#### Problem to work on:
Please restate, word for word, the lines below that begin at the one with "natural choker multilayer" and end at the one with "Pack Décalcomanies Gundam". Leave out all other lines.

#### Data:
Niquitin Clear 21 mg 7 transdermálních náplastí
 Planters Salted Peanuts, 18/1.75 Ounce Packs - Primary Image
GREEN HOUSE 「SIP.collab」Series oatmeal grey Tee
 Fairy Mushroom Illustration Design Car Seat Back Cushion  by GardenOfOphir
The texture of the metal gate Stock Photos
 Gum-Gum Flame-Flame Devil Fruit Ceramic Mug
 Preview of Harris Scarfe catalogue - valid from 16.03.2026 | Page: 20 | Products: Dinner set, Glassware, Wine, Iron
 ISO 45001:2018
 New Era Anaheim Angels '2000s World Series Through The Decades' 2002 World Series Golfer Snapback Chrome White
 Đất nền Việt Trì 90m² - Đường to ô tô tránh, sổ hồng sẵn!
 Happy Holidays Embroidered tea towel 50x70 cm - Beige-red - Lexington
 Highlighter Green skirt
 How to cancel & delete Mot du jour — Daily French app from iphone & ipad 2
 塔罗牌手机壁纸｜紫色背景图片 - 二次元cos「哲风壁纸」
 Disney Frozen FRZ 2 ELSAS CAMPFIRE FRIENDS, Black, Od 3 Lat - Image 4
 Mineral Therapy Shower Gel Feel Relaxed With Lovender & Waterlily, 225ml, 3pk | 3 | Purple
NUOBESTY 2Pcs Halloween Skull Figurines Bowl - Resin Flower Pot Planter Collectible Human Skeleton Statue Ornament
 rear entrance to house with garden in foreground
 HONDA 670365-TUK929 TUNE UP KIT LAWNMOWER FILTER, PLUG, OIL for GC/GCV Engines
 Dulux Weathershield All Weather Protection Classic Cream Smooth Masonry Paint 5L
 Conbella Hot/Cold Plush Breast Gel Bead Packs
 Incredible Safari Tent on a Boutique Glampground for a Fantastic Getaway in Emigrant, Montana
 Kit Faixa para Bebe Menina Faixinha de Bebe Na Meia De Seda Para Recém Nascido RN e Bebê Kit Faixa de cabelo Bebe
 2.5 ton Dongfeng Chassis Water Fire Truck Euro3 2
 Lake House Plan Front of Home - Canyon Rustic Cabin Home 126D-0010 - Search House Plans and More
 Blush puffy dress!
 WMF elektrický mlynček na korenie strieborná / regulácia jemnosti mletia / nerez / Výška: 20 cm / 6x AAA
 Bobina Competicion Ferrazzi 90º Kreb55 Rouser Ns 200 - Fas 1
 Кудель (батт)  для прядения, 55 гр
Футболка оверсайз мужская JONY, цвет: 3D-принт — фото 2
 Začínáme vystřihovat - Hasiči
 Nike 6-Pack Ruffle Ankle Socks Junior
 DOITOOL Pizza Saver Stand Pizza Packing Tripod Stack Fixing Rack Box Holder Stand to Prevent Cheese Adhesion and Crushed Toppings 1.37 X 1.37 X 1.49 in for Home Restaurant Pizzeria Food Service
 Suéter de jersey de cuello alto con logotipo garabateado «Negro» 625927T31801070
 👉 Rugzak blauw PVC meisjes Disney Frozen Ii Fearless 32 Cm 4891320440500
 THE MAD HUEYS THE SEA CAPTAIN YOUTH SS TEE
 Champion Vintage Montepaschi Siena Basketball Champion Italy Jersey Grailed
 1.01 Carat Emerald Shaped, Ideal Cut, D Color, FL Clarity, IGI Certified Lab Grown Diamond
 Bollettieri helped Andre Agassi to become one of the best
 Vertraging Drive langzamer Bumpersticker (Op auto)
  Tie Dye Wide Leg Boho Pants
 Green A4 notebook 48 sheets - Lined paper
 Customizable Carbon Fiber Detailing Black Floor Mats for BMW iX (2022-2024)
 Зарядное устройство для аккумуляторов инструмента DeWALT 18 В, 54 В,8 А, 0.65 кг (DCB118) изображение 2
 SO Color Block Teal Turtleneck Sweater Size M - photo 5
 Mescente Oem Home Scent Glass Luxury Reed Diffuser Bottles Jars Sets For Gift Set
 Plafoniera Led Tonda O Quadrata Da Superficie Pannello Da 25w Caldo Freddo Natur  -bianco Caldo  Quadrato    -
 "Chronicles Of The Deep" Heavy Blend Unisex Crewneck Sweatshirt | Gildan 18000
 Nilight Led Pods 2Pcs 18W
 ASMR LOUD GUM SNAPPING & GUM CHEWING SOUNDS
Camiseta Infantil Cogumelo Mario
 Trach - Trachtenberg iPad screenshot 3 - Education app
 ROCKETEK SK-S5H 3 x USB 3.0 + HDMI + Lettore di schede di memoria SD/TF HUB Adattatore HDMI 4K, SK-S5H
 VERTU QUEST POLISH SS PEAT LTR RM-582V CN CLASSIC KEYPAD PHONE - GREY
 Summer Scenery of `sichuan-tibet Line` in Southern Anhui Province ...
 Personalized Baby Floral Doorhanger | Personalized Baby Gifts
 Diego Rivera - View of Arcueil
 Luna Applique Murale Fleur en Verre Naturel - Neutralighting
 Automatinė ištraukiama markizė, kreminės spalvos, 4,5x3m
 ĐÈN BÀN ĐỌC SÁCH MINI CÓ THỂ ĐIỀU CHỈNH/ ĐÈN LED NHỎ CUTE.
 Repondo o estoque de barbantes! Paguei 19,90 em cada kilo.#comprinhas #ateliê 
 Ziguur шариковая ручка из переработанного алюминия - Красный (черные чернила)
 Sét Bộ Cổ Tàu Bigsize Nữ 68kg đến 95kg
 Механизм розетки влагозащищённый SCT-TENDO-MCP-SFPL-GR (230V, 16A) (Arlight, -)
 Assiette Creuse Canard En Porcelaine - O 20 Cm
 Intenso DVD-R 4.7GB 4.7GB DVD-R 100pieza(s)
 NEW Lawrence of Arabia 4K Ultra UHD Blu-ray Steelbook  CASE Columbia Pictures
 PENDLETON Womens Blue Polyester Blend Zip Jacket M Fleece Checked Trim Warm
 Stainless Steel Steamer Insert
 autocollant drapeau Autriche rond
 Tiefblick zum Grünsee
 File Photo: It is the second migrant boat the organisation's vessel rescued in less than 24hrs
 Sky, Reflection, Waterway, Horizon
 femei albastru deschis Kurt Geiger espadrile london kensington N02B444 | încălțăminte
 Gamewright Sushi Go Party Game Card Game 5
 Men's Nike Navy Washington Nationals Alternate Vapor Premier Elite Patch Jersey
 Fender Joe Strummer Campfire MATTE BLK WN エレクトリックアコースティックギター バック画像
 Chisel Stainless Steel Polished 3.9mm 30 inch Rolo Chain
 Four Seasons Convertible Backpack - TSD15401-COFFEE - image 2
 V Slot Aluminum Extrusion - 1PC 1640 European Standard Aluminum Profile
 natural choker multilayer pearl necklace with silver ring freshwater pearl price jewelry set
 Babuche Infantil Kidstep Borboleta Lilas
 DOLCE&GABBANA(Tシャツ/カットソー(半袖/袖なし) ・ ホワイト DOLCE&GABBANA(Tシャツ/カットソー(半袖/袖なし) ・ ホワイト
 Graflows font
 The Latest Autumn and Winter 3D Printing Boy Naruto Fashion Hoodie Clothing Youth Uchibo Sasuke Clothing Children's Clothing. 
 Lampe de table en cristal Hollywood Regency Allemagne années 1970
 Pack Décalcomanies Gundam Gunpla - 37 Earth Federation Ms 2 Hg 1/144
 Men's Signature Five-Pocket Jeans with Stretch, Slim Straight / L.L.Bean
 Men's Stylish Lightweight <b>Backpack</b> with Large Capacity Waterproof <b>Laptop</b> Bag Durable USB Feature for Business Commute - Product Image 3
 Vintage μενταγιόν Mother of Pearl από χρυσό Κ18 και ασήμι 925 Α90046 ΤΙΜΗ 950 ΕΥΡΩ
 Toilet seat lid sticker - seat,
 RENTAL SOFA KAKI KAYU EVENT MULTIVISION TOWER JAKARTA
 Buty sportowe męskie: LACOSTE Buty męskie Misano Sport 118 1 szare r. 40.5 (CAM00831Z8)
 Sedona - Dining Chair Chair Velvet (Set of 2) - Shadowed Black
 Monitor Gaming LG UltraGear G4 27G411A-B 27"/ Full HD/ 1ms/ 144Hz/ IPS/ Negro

#### Reply:
 natural choker multilayer pearl necklace with silver ring freshwater pearl price jewelry set
 Babuche Infantil Kidstep Borboleta Lilas
 DOLCE&GABBANA(Tシャツ/カットソー(半袖/袖なし) ・ ホワイト DOLCE&GABBANA(Tシャツ/カットソー(半袖/袖なし) ・ ホワイト
 Graflows font
 The Latest Autumn and Winter 3D Printing Boy Naruto Fashion Hoodie Clothing Youth Uchibo Sasuke Clothing Children's Clothing. 
 Lampe de table en cristal Hollywood Regency Allemagne années 1970
 Pack Décalcomanies Gundam Gunpla - 37 Earth Federation Ms 2 Hg 1/144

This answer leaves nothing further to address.